Tibetan Attempts to Modernize
The failure of Simla meant that Tibet had to face the possibility of future hostilities with China. This threat prompted a clique of young Tibetan aristocratic officials led by Tsarong, a favorite of the Dalai Lama, to urge modernization in Tibet, especially
the creation of a strong military able to defend Tibet's interests. The thirteenth Dalai Lama agreed, and in rapid succession new troops were levied and officers and NCOs were sent for training to India and the British trade agency in the southern Tibetan town of Gyantse. At the same time, Tibet considered joining the International Postal Union, and a British schoolmaster was hired to open an English language school in Gyantse. Tibet was taking its first steps to join the modern world.
All this, however, sent shock waves through the monastic and aristocratic elites who held most of the land in Tibet in the form of feudal estates with hereditarily bound serflike peasants. Modernization was expensive, and they found themselves facing new tax levies to support the military buildup. Modernization, moreover, was also perceived by the religious leadership as an ideological threat to the dominance of Buddhism in Tibet, and thus to what they felt was the unique character of the Tibetan theocratic state. Equating modernization with Western atheism and secularism, the conservatives believed that it would diminish the power and importance of Buddhism. In their view, Tibet had coexisted with China for centuries with no adverse consequences for the domination of Buddhism (and the Geluk sect) in Tibet, so why, they questioned, was it now necessary to transform Tibet in these radical ways? Key conservative officials therefore campaigned to convince the Dalai Lama that the military officers were a threat to Buddhism and to his own power and authority. By the mid-1920s, their efforts had succeeded, and in one of the pivotal policy decisions of modern Tibetan history, the thirteenth Dalai Lama gutted the heart of the reform program by demoting the entire group of promodernization officers and closing the English school. Overnight, Tibet lost its best chance to create a modern polity capable of coordinating international support for its independent status and defending its territory.[8]

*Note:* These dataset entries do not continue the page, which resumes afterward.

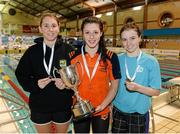12 December 2014; Medallists in the Women's 800m Freestyle, from left, Therese Corry, silver, Portmarnock swimming club, Antoinnette Neamt, gold, Tallaght swimming club, and Shona Hickey, bronze, Limerick swimming club, at the Irish Short Course Swimming Championships Day 1. Lagan Valley LeisurePlex, Lisburn, Co. Antrim. Picture credit: Oliver McVeigh / SPORTSFILE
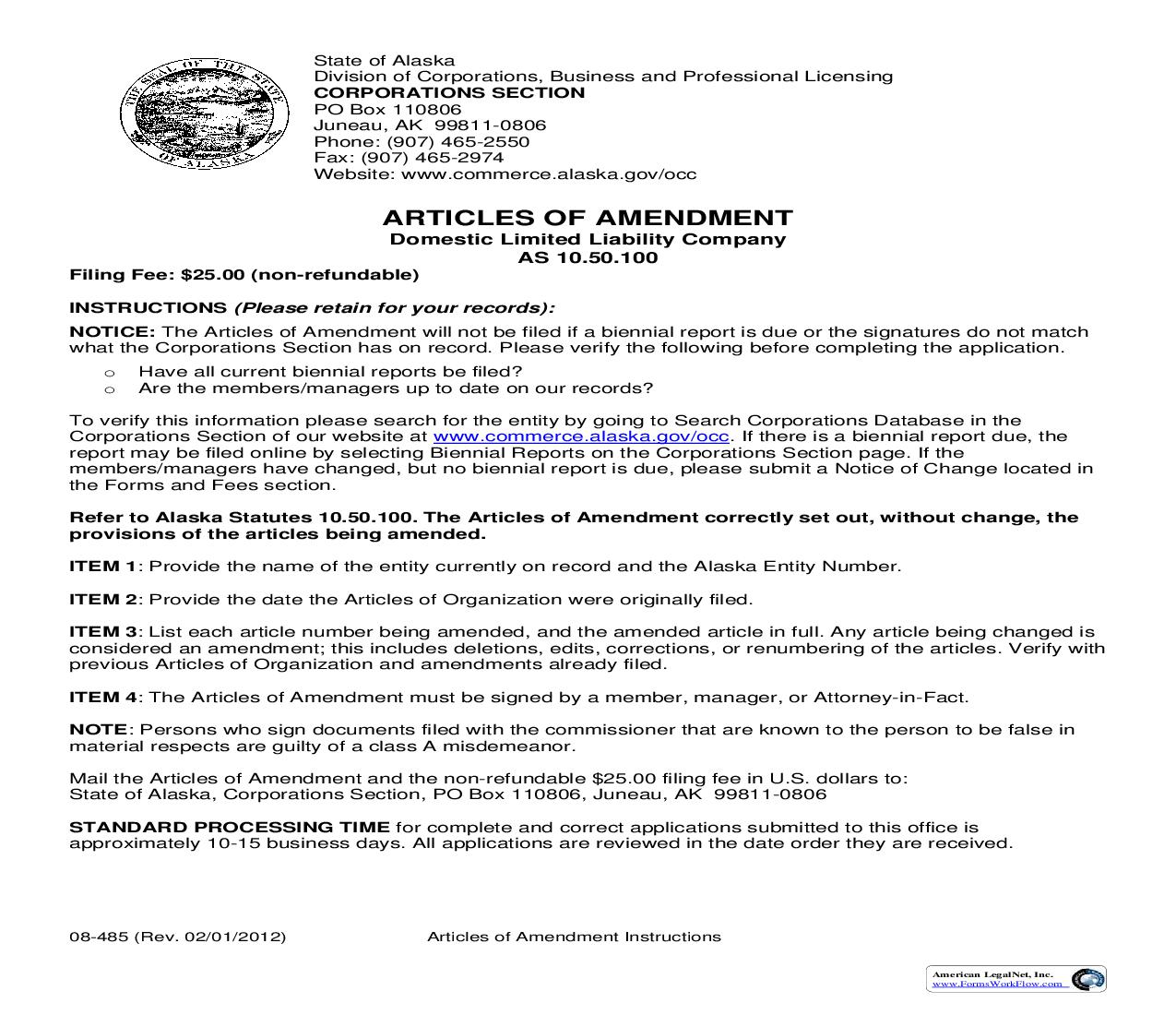 Articles Of Amendment (Domestic Limited Liability Company) {08-485} | Pdf Fpdf Doc Docx | Alaska
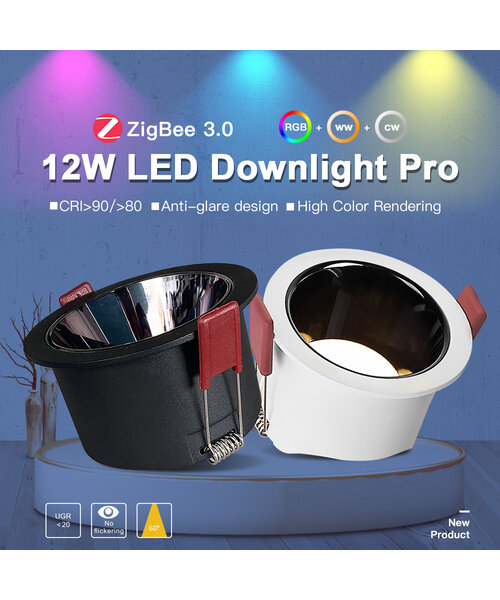 GLEDOPTO Zigbee PRO RGB+CCT 12W LED Downlight Zwarte Behuizing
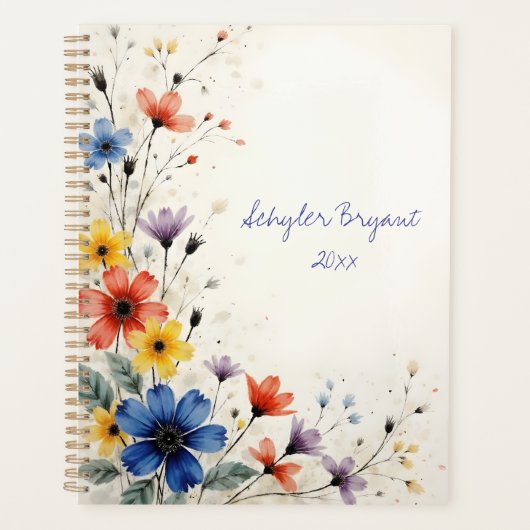Wildflowers Floral Spiral-bound Spring Botanical Planner (Voorkant)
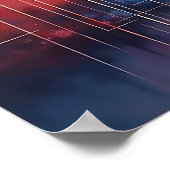 Abstract Coral and Blue Geometric Art Poster (Ecke)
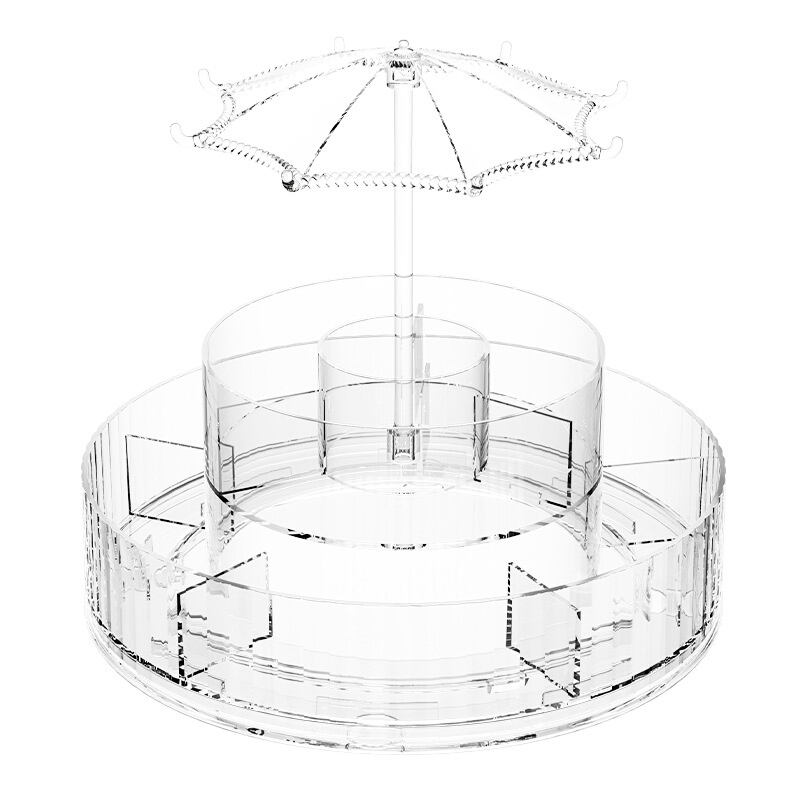 新款化妆品收纳盒可360°旋转化妆品收纳盒轻奢桌面饰品收纳置 - 图3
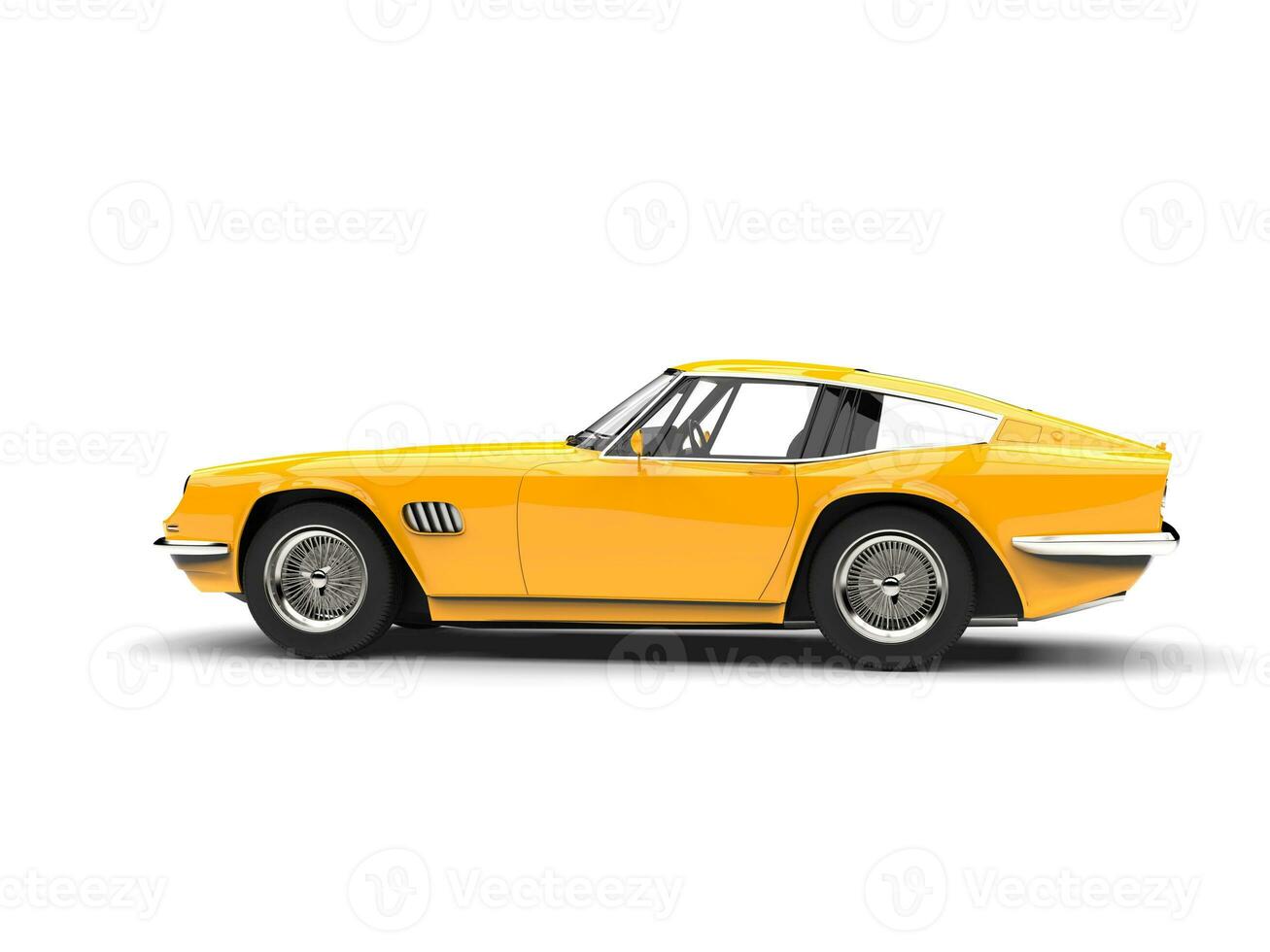 Bright yellow vintage fast car - tail view photo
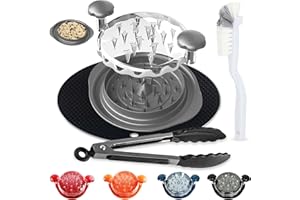 Trase A Chicken Shredder Tool Twist with Tongs & Cleaning Brush|Meat Shredder with Transparent Lid with Anti Slip Base, Ergonomic Grip & Heat-Resistant, Ideal for Chicken, Beef, pork & Mutton(Grey)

Tibet did not, however, pay an immediate price for this retreat into the past because China was deeply absorbed in
internal issues and conflicts and too weak to challenge the Dalai Lama. Thus, from 1913 when the last Qing officials and troops left Tibet to the death of the thirteenth Dalai Lama in 1933, no Chinese officials or troops were permitted to reside in Tibet, and the Tibetan government accepted no interference from Beijing. Chinese fortunes in Tibet improved slightly after the death of the thirteenth Dalai Lama when Tibet allowed a "condolence mission" sent by the Guomindang government of Chiang Kaishek to visit Lhasa, and then permitted it to open an office to facilitate negotiations aimed at resolving the Tibet Question. These talks proved futile, but Tibet allowed the office to remain.
The Japanese invasion of China in 1937 saved Tibet from having to defend its de facto independence from China, and Tibet continued to operate without interference from Chiang Kaishek. China did not, however, abandon its claims over Tibet. To the contrary, it effectively reinforced its position throughout the world (and in China itself) with a propaganda campaign that actively sought to create the impression that Tibet was in fact a part of China. Tibet, with virtually no officials who understood the West or spoke English, blithely ignored this ominous development, much as it had earlier closed its eyes to reality and returned British governmental correspondence unopened.